**WHAT IS NEEDED**
Reproduce the entries exactly and omit the pictures.

*** Opening of DATA FOR THE TASK ***

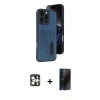 MARSİLYAN™- iPhone 16 Pro Max Kılıf Yörünge Işık Serisi - Siyah 3D Antistatik Hayalet Cam Ekran Koruyucu + PVD Metal Kamera Lens - GS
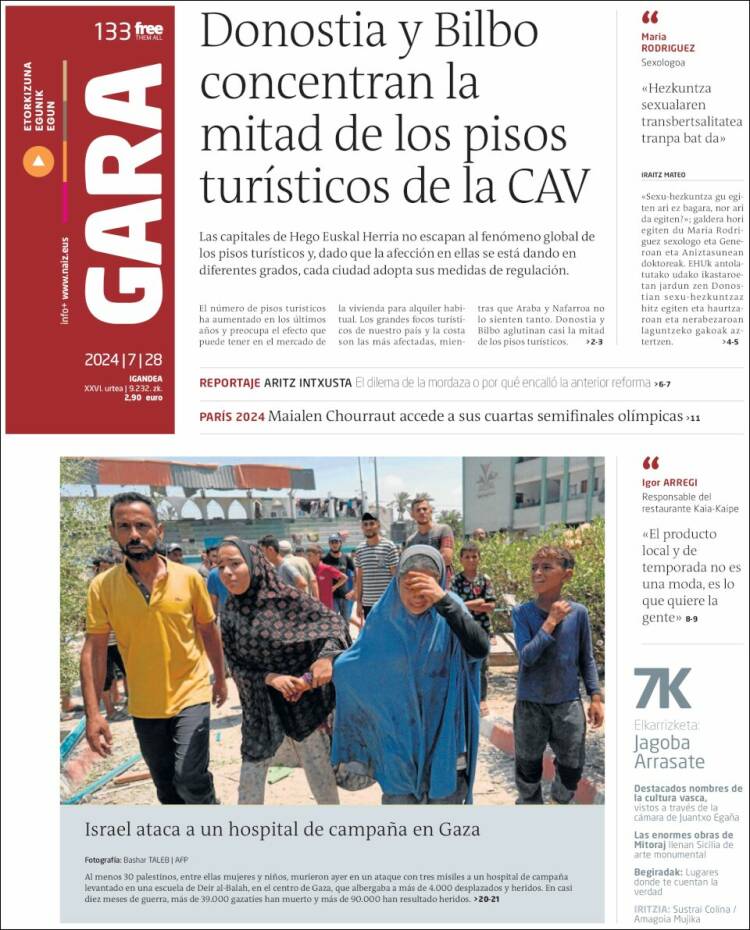 Portada de Gara (España)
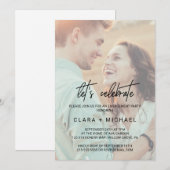 Whimsical Calligraphy Faded Photo Let's Celebrate Kaart (Voorkant / Achterkant)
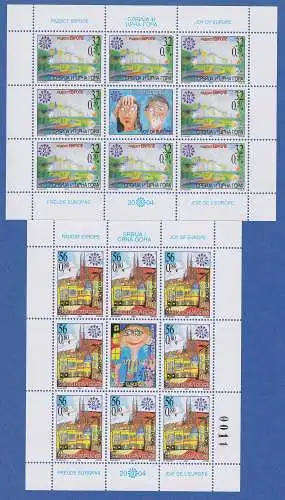 Jugoslawien 2004 Kleinbogen Mi.-Nr. 3215-3216  Europäisches Kindertreffen.**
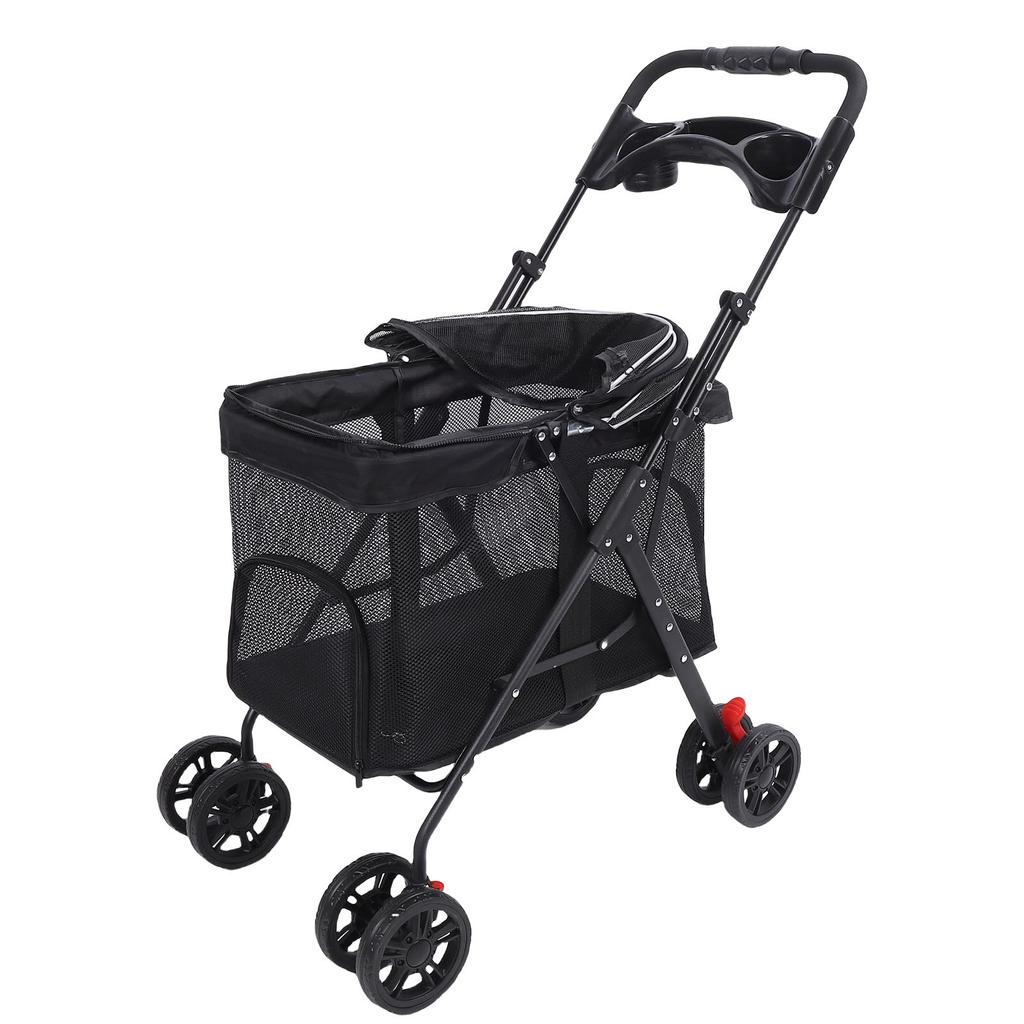 Pet Stroller One Click Folding Cat Stroller 4 Wheels Dog Wagon with Sun Shades and Cup Holder for Travel Black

*** Close of DATA FOR THE TASK ***

**ANSWER**
 MARSİLYAN™- iPhone 16 Pro Max Kılıf Yörünge Işık Serisi - Siyah 3D Antistatik Hayalet Cam Ekran Koruyucu + PVD Metal Kamera Lens - GS
 Portada de Gara (España)
 Whimsical Calligraphy Faded Photo Let's Celebrate Kaart (Voorkant / Achterkant)
 Jugoslawien 2004 Kleinbogen Mi.-Nr. 3215-3216  Europäisches Kindertreffen.**
 Pet Stroller One Click Folding Cat Stroller 4 Wheels Dog Wagon with Sun Shades and Cup Holder for Travel Black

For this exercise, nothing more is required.